Juli 2019 didapatkan bahwa karu, katim, dan perawat pelaksana tidak ada

melakukan pre conference dan post conference. Dari hasil wawancara kepada

karu dan beberapa perawat, mereka mengatakan tidak pernah melakukan pre

conference dan post conference dikarekan sumber daya manusia mereka yang

sangat sedikit. Karu juga mengatakan bahwa tidak memiliki standar

operasioanl untuk pelaksanaan pre conference dan post conference.
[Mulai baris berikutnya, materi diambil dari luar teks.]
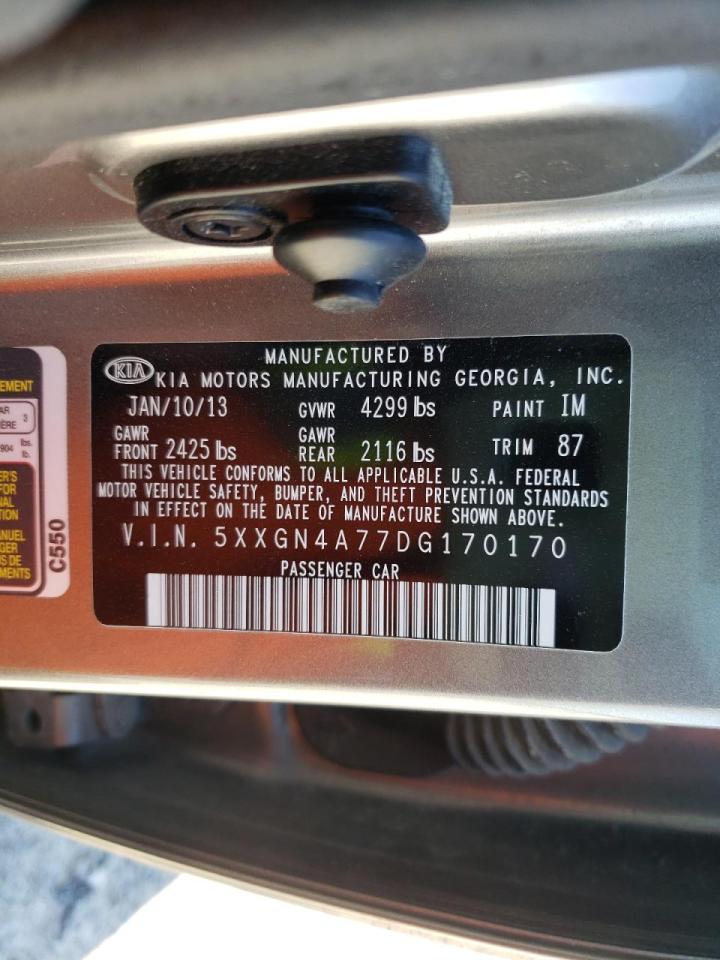 Photo 10 from auction – 2013 KIA OPTIMA EX with VIN 5XXGN4A77DG170170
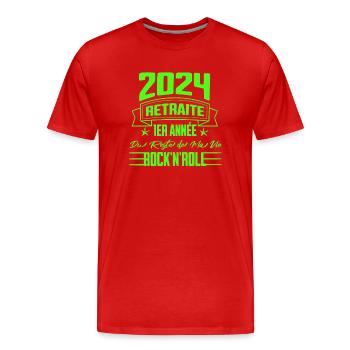 "2024 Retraite Rock'n'Roll - Première Année" - T-shirt bio Premium Homme - rouge - Devant - Damien (186cm)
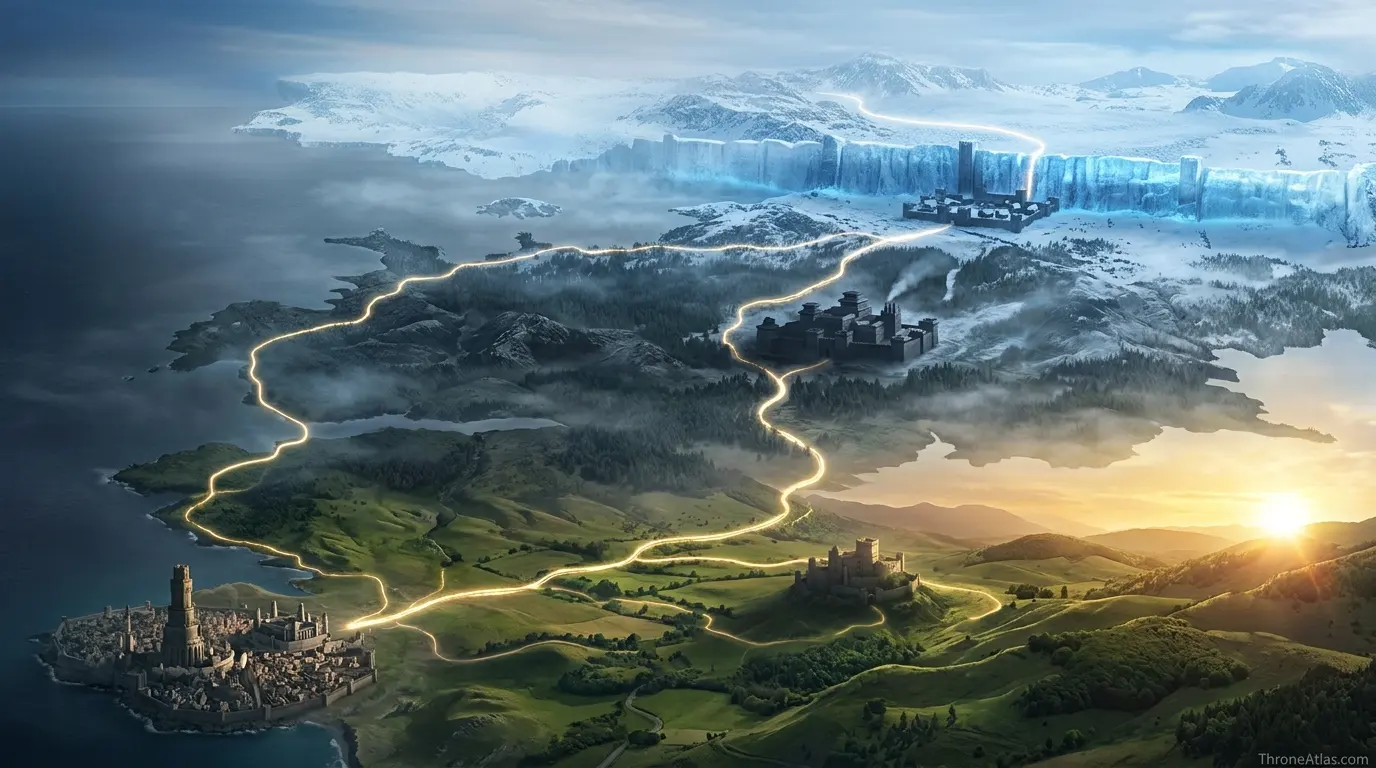 Samwell Tarly journey map route map overview
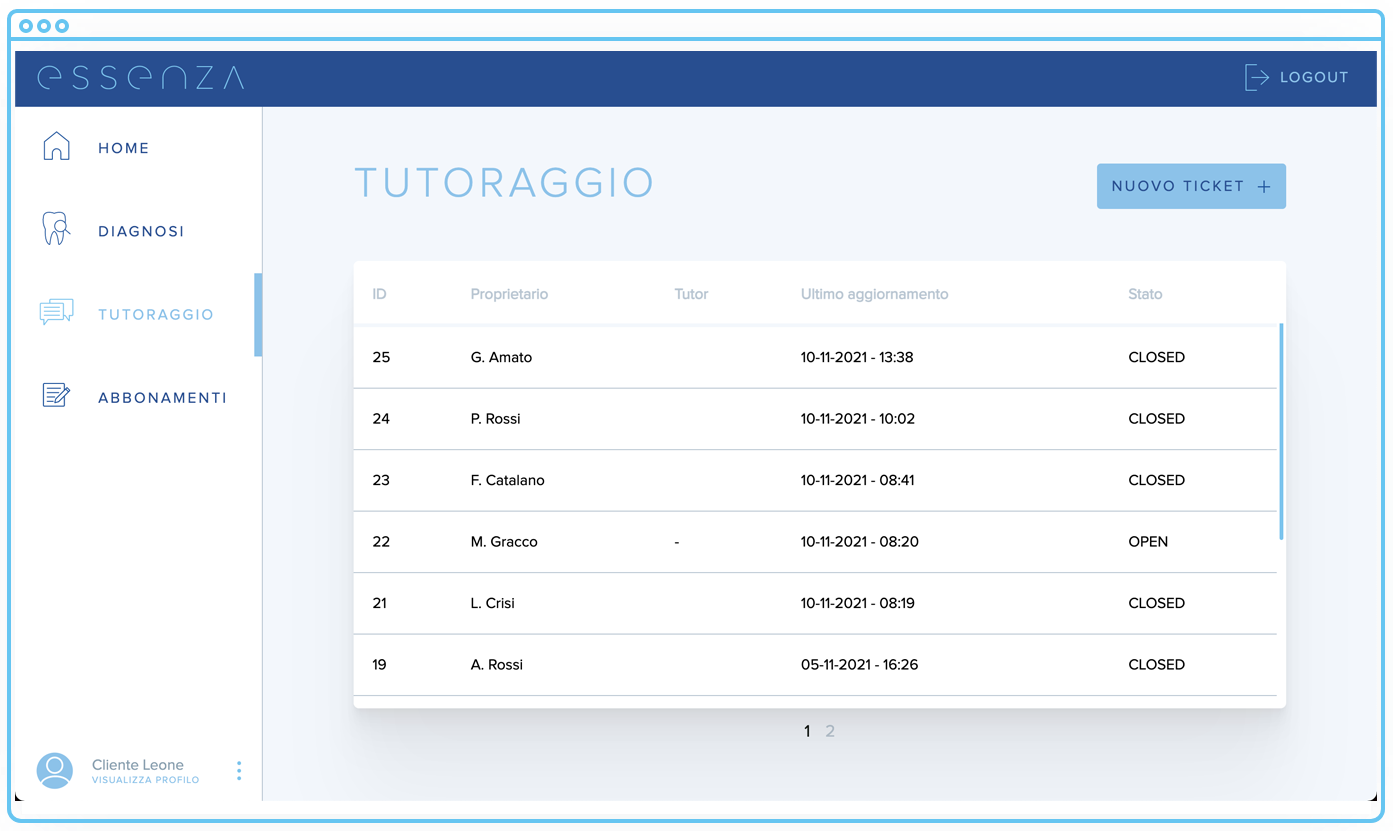Schermata archivio casi clinici nella piattaforma Essenza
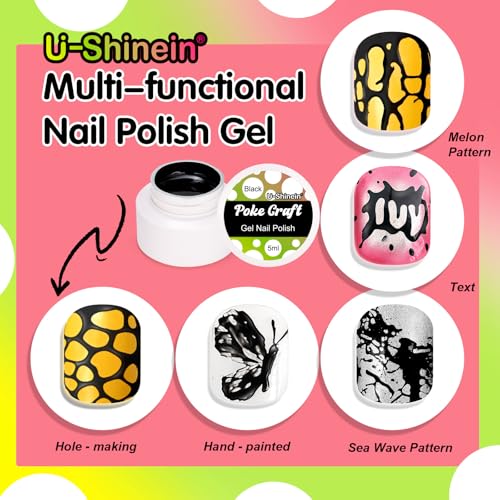 U-Shinein Black Poke Gel Nail Polish Kit with Base Coat & Wood Sticks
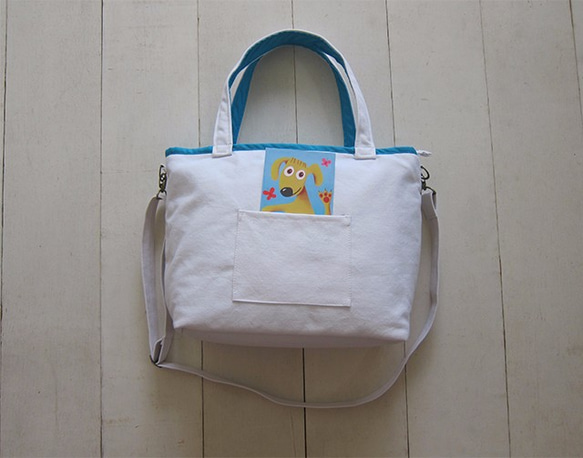 Medium Tote W/ Outer Pocket ,Zipper Closure,Should Strap 3枚目の画像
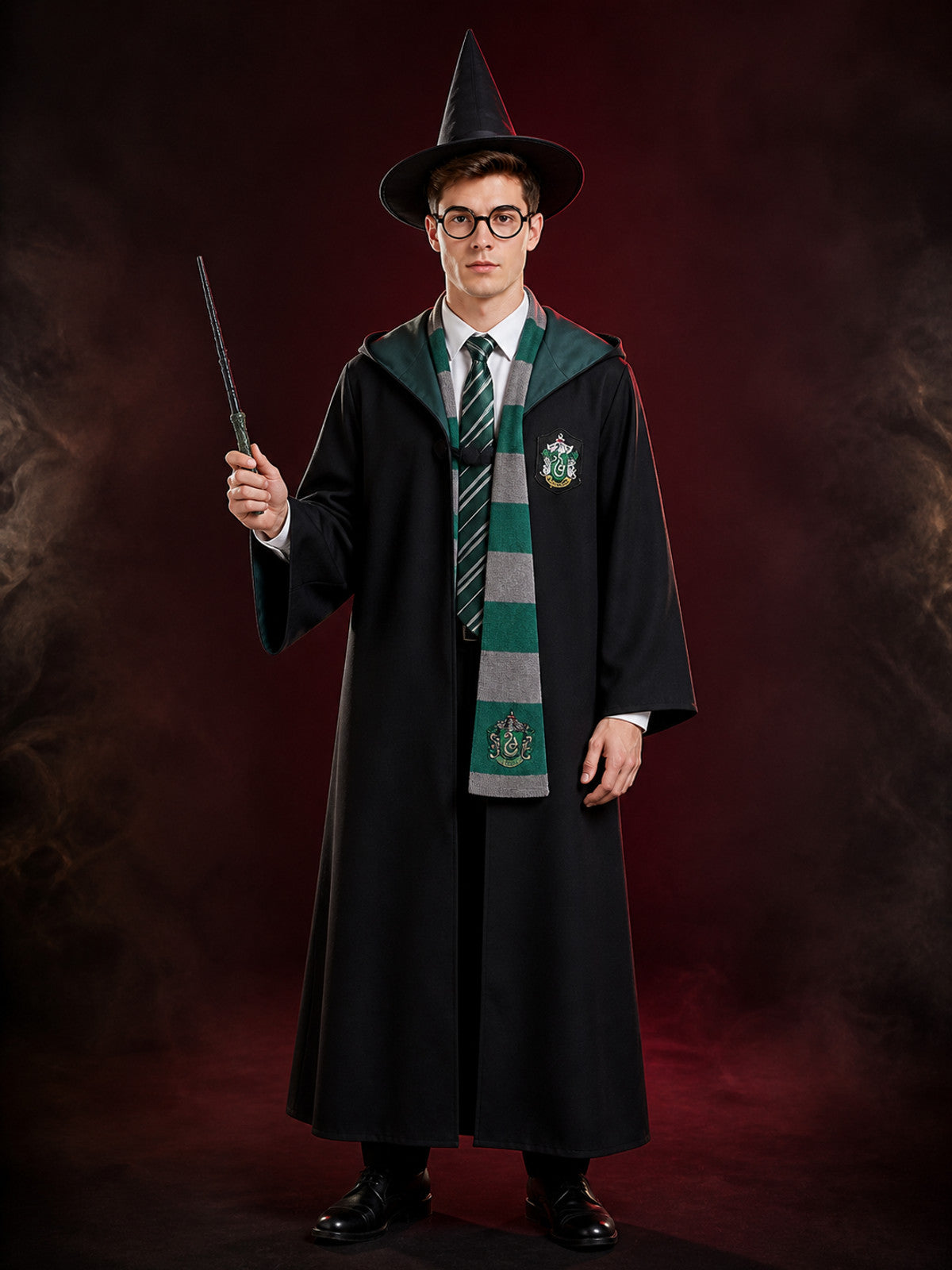 Kids Wizard Robe Costume Set with Green and Gray Striped Scarf, Hat, Glasses main product view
Dari hasil observasi yang dilakukan dari tanggal 6 Juli 2019 sampai 9

Juli 2019 didapatkan hasil bahwa pelaksanaan overan tidak sesuai dengan

standar operasional rumah sakit. Perawat shift sebelumnya tidak

memperkenalkan nama perawat shift berikutnya kepada pasien, tidak

memberikan penjelasan kepada pasien tentang penangungjawab serta

perawatan selanjutnya, tidak melakukan pelaporan inventaris, atau fasilitas

lainnya serta kepala ruangan tidak ada merangkum informasi overan yang

dilakukan.

Berdasarkan permasalahan tersebut, mahasiswa mengadakan pertemuan

dalam bentuk lokakarya mini I dengan mengundang kepala ruangan eboni

RSP Unand, perawat pelaksana, pembimbing klinik dan pembimbing

akademik.

8
B. Tujuan Penulisan

1. Tujuan Umum

Mengidentifikasi masalah dari sistem manajemen keperawatan

berdasarkan informasi yang diperoleh dari hasil observasi dan wawancara

di ruang rawat inap Marwa RSP Universias Andalas Padang.

2. Tujuan Khusus

Kelompok mahasiswa bersama perawat di ruangan dapat

menunjukkan kemampuan untuk :

a. Mengidentifikasi masalah manajemen pelayanan keperawatan yaitu

ketidaksesuaian pengkajian assesment awal resiko jatuh dengan

standar prosedur operasional, tidak adanya pelaksanaan konferensi,

tidak sesuainya pelaksanaan overan dengan standar prosedur

operasional yang ada.

b. Membuat alternatif penyelesaian masalah manajemen pelayanan

keperawatan meliputi ketidaksesuaian pengkajian assesment awal

resiko jatuh dengan standar prosedur operasional, tidak adanya

pelaksanaan konferensi, tidak sesuainya pelaksanaan overan dengan

standar prosedur operasional yang ada

C. Manfaat Penulisan

1. Bagi rumah sakit

Makalah ini diharapkan dapat memberikan tambahan informasi

mengenai beberapa masalah manajemen pelayanan dan manajemen asuhan

ruang rawat inap eboni RSP Univesitas Andalas Padang tahun 2019.

9
2. Bagi perawat

Dapat mengoptimalkan kualitas manajemen pelayanan dan

pemberian asuhan keperawatan dan prosedur konferensi serta overan

sesuai dengan standar perasional yang telat ditetapkan di ruang rawat inap

eboni RSP Univesitas Andalas Padang tahun 2019.

3. Bagi pasien

Dapat mencegah terjadinya kejadian yang tidak diharapkan dan

meningkatkan kepuasan pada pasien di ruang rawat inap eboni RSP

Univesitas Andalas Padang tahun 2019

4. Bagi Mahasiswa

Dapat menambah pengetahuan terkait manajemen layanan di ruang

rawat dan sebagai pemenuhan tugas praktek keperawatan manajemen

keperawatan Fakultas Keperawatan Universitas Andalas.